[Work required]:
Drop the pictures and repeat the remaining data exactly.

[Information supplied]:
══════
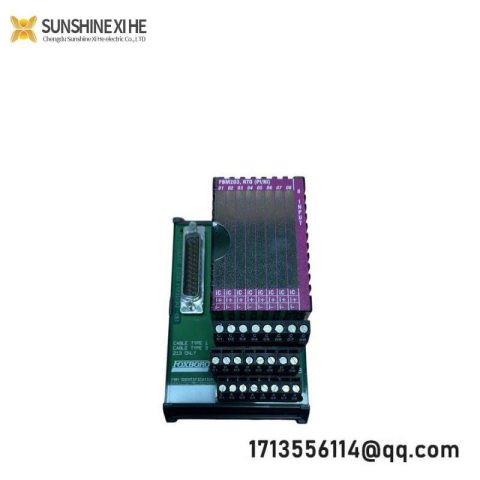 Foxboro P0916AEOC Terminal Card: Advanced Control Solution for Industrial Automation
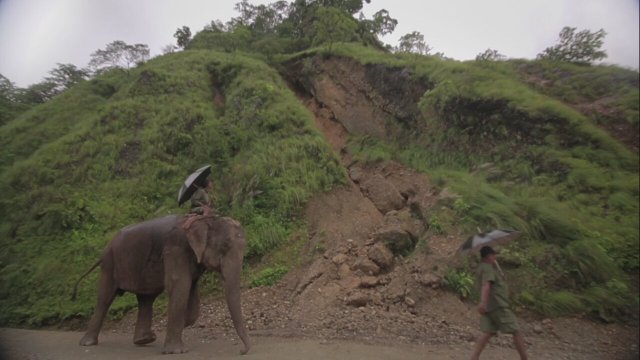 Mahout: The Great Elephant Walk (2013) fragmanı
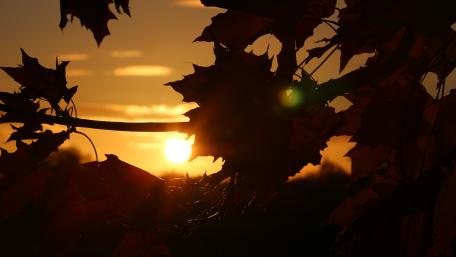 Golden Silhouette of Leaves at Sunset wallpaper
══════
[The answer]:
 Foxboro P0916AEOC Terminal Card: Advanced Control Solution for Industrial Automation
 Mahout: The Great Elephant Walk (2013) fragmanı
 Golden Silhouette of Leaves at Sunset wallpaper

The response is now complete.